Let that shit go
My Lady and I spent the past weekend in Northern Minnesota. We were at a yoga retreat organized by our local studio. The location was beautiful. Nestled on the shore of Lower Whitefish Lake, replete with sandy beaches, beautiful sunsets and sumptuous accommodations. Never having attended a yoga retreat before, we felt a little lost at first, with no previous experience of the laid back, relaxed manner in which the weekend played out.
We spent about eight hours in classes and workshops over the weekend, learning far more than I had expected or hoped for. My personal yoga practice improved greatly from the teaching about hip and spine alignment. Understanding how much our own bone structure and posture is impacting our alignment of head, shoulders, hips, knees and ankles. Plus, as a bonus, I now understand a little more about weight distribution in my feet that is helping my balance transitions. It was wonderful to have such a diverse set of teachers and classes, each with their own special way of teaching, and their own uniquely focused message.
My interest was piqued about Iyengar yoga which seems to focus on a set sequence of precisely aligned postures using many props (blocks, straps, blankets). Two of the yoga instructors appeared to be deeply versed in this type of yoga and it certainly helped my progress along my journey to receive their instruction. Yoga is a deeply personal meditative practice for me. It is totally absorbing and has proven to be by far the best medicine that I have come across to re-frame my mind and reset it when it descends to the darkest depths. To spend eight hours on my mat (and the sandy beach) was a self-indulgent luxurious experience.

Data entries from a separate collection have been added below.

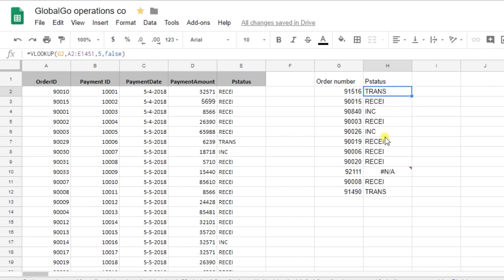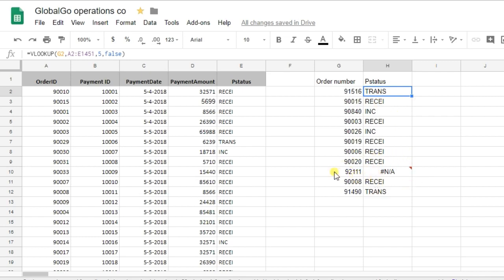As you can see, this customer already received the product. So, this problem is solved. Here, it was an incident, so I need to email the customer again. And, this customer typed in the wrong order number as I couldn't find the order number in my raw data.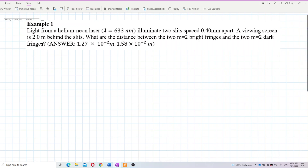Light from a helium-neon laser, lambda equal to 633 nanometers, illuminates two slits 0.4 millimeters apart. A viewing screen is 2 meters behind the slits. What are the distances between the two second-order bright fringes and the two second-order dark fringes?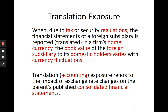The book value of a foreign subsidiary to its domestic holders varies when currency changes. If the foreign currency goes to half its price, suddenly the asset is worth half as much in home currency — but the firm is not selling that asset. This is a paper loss, not a realized loss. Currency fluctuations affect the book value of our foreign subsidiary. Translation exposure — also called accounting exposure — refers to the impact of exchange rate changes on the parent's published consolidated financial statements.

My daily meditation practice is at a point where I use repetition of phrases (mantras) or breath counting to maintain focus. This weekend’s mantra became “let that shit go”, inspired by a lady yogi’s tee shirt. Those words were surprisingly effective at both calming the mind and then moving on.

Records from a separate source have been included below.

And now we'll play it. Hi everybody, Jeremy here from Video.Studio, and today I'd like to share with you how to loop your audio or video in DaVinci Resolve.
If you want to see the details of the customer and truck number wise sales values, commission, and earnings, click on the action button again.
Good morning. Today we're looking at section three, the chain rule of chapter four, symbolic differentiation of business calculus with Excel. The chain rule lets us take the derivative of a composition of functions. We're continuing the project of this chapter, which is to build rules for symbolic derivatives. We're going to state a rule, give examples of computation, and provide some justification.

Letting that shit go is not about ignoring the thoughts or forgiving or forgetting. It is about acknowledging the presence of the thought, and allowing yourself to continue despite the thought whilst talking to yourself kindly. It is the essence of Self-Compassion. I have a lot of focus at the moment on Self Compassion, I suck at it. Two Self Compassion practices have been introduced to be through my guided meditation practice and through reading the work of Kristin Neff, one of the recognized world leading researchers in the field.
The first practice is “Noting”, this involves recognizing that you are having a negative thought or feeling, giving yourself space, and then classifying the response as either a thought or a feeling. The space and knowledge that this process gives me allows me (when I manage to do it) the opportunity to reframe my response to the thought or feeling.
The second practice is Renunciation. The process is like the Noting practice. You start by identifying that you are having a negative thought. Rather that allowing it to swirl or spiral downwards, you instead you acknowledge the thought, take responsibility for the act that precipitated the thought, and commit to yourself not to repeat it but instead to learn from it. There are great similarities between this practice and certain Buddhist practices. In Buddhism, the Pali word for “renunciation” is nekkhamma, which can be interpreted as “giving up the world and leading a holy life” or “freedom from lust, craving and desires.”.
These are very nascent practices for me. I have been successful a few times, but missed the opportunity to interrupt many thoughts. In those cases, I focus instead on “Let that shit go” and meditate my way up to a better place.
If you too suffer from spiraling negative thoughts, you may want to try, like me, to interrupt their cycle simply by Noting, and then moving on to renounce them. It feels good when it is successful.
Be kind to yourself, treat yourself as well as you treat others. Maybe then we can eventually come to love ourselves? I am a work in progress.